Palace insider accuses Netflix of 'trolling' the Royals with 'sinister' tweet promising 'answers' to The Crown criticism
NETFLIX has been accused of "corporate trolling" after a social media post prompted a wave of hate towards the Queen, Prince Charles and other senior Royals.
The streaming giant's "sinister" tweet plugged its documentary Diana: In Her Own Words by saying it would provide "answers" after it faced criticism for misrepresenting the Royal Family in The Crown.
Senior palace sources are reported to have responded with anger at the post, according to the Mail Online.
The tweet is a short explainer video about the Princess Di doc, which includes personal recordings and archival footage.
The film features recordings of the late Diana speaking about her marriage with Prince Charles to writer Andrew Morton.
The tweet, however, has attracted a string of vile messages directed toward the Queen, Prince Philip, Charles and Camilla.
One person wrote: "I just hope the Queen will be reasonable enough to not pass on the throne to Charles. It will surely be disgusting to know that a mistress will soon be a Queen."

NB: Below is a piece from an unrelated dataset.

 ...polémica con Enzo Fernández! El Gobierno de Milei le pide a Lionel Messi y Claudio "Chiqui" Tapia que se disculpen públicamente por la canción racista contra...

Another posted: "Camilla and Charles are rotten people. I can't stand them!!! They are really phoney!!! I don't think of Charles as a prince, he is an a******. So is Camilla. He doesn't deserve to be king."
Many others were too vile to print.
According to the Mail Online, the comments were allegedly alerted to Netflix "more than 24 hours ago" and as of now, they remain online.
A Palace insider reportedly said: "It’s one thing to make a drama that not even the writer claims is entirely factual, but for Netflix to use its corporate social channels to create and post material that is one-sided at best feels like corporate trolling – it’s pretty sinister."
Conservative Lord Forsyth of Drumlean accused the US streaming giant of "crossing a line".
He said he would raise the issue in the House of Lords and with the Prime Minister directly.
On December 3, he wrote to the broadcasting watchdog Ofcom to complain of the "hurtful, false, misleading and poisonous impression of people in our public life who cannot fight back."
Lord Forsyth called for Netflix to be regulated in the UK like other broadcasters that operate in Britain.
He said: "What they are doing is absolutely shocking. It is mendacious and it is untrue.
"And as every day goes by without any action on the issue, more and more people are seeing this programme, and unfortunately people believe this stuff to be fact.
"If Netflix are also using a corporate account in that way [to deliberately publicise negative programmes about the Royal Family] then the case for regulation is even stronger."
He added: "They [Netflix] can’t continue to say, “This is drama, this is not our fault'.
"They are clearly using a programme which is sensationalist and mendacious to promote their commercial interests.
"The royals do not have a right to reply. This is damaging, nasty and unpleasant stuff."
Last week a friend of Prince Charles called Netflix's portrayal of the Royal Family "highly sophisticated propaganda".
A friend of Prince Charles is reported to have said: "It is quite sinister the way that Morgan is clearly using light entertainment to drive a very overt republican agenda and people just don’t see it.
"They have been lured in over the first few series until they can’t see how they are being manipulated.
"It is highly sophisticated propaganda."
The fourth series of The Crown, which was released earlier this month, portrays Princess Diana's eating disorder and Prince Charles' affair with the then Camilla Parker Bowles.
As her marriage to the heir to the throne crumbles, Diana, played by Emma Corrin, 24, is seen violently vomiting into a toilet on multiple occasions.
Culture Secretary Oliver Dowden has demanded Netflix make clear that The Crown is "fiction" and is said to be writing to the production.
He said: "It's a beautifully produced work of fiction so as with other TV productions, Netflix should be very clear at the beginning it is just that.
"Without this, I fear a generation of viewers who did not live through these events may mistake fiction for fact."
Mr Dowden is expected to write to the streaming service to request that it adds what others have called a "health warning" to the start of each of the ten episodes.
Netflix has been contacted for comment.